Hem şef hem işletmeci şapkası taşıyorsunuz. Zaman dağılımı nasıl bunun?
Bende mutfak ağır basıyor, gün oluyor zamanımın yüzde 90’ı mutfakta yüzde 10’u işletme için çalışarak geçiyor. Çünkü oradan geldim ve uzun vadede iyi bir şey yapmak, ayakta kalabilmek için mutfağın ve servisin düzgün gitmesi gerekiyor.
İşletme geçmişiniz var mı?
Hiç yok, işletme kısmını bilmek ve gereklerini yerine getirmek lazım. Bu mutfak kısmına bazı sınırlar çiziyor, uzun vadede başarılı olmanın, ayakta kalmanın yolu yine kısa vadeli işletme sınırlamalarını aşmaktan geçiyor. İlk düşündüğümüz şey maliyet. Maliyeti öyle dengelemelisiniz ki hem işletmeniz sürdürülebilir olacak hem de kaliteyi düşürmeyeceksiniz.
Sizin mutfağınızı diğerlerinden ayıran özellikler neler?
Misafirlerimiz bazen, “Biz gurme değiliz ama…” diyor, neredeyse yemeğinizin hakkını veremiyoruz gibi konuşuyorlar. Ben böyle bir şeyi asla kabul etmem. Türkiye’de ağız tadına güveniyorum. Karşılarına çıkardığım karışımı ilk defa görüyor olabilirler, bildik malzemeleri Fransız teknikleriyle yorumluyoruz. Türk mutfağı yapsak da, burada da zeytinyağlı enginar çıksa da başka türlü yorumluyor ve başka bir sunumla servis ediliyor. Görmeye alışık olmadığınız şekilde karşınıza çıktığımızdan tadım menüsü porsiyonları söz konusu. İsimden dolayı Fransız Mutfağı sanılıyor, özellikle olmadığının altını çizerim çünkü yapmak isteseniz de Türkiye’de Fransız mutfağı yapmayın derim gençlere!
Adana, Arnavutluk, İzmir, İstanbul… Zengin bir mutfak kültüründen gelmişsiniz…
Ailenin erkek tarafı Adanalı kız tarafı Arnavut. İzmir’e yerleşmiş bir aile.
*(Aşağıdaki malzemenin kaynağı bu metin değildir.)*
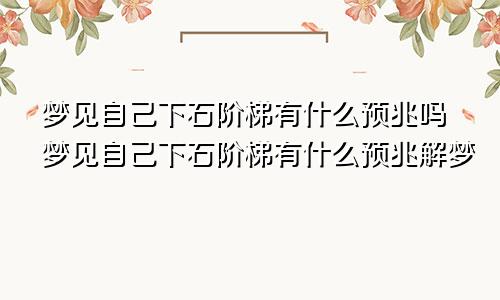 梦见自己下石阶梯有什么预兆吗梦见自己下石阶梯有什么预兆解梦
Bir tarafta et kültürü var bir tarafta hemen hiç yok, zeytinyağına dayalı bir kültür var. İstanbul’da doğdum büyüdüm, Galatasaray deyince Beyoğlu, Pera kültürü… Çok şanslıymışım. Nicole’de yaratmaya çalıştığım his çocukluktan kalan sofraların hissi! “Burada misafirlerimi ağırlayabileyim” tadında bir ortam olsun istiyorum. Evimde sizi ağırlıyormuşum gibi hissettirmek, başarı bence bu!
Geleceğe dair planlarınız neler?
Yapmak istediğim çok fazla şey var. İşin akademik boyutu beni heyecanlandırmaya başladı, bu toprakların mutfağını daha derinlemesine bilmek istiyorum, bir taraftan başka türlü hizmet veren adresler olsun, bütün bunları yaparken de artık ben gerçekleştirmeyeyim diyorum. Çalıştığım genç ve yetenekli insanların önünü açan kişi olayım. “Aylin Usta bir restoran açmış” yerine, “Aylin Usta’nın yanında yetişmiş genç biri kendi yerini açarken Aylin Usta ona destek verdi” densin istiyorum.
Nicole Restaurant’ta ne yenir?
Nicole Restaurant’ta altı haftada bir menüler değişiyor. Değişmeyen tek şey kuş böreği. Bu yüzden her gittiğinizde mevsim ürünlerini farklı bir lezzet ve sunumla tatmanız mümkün.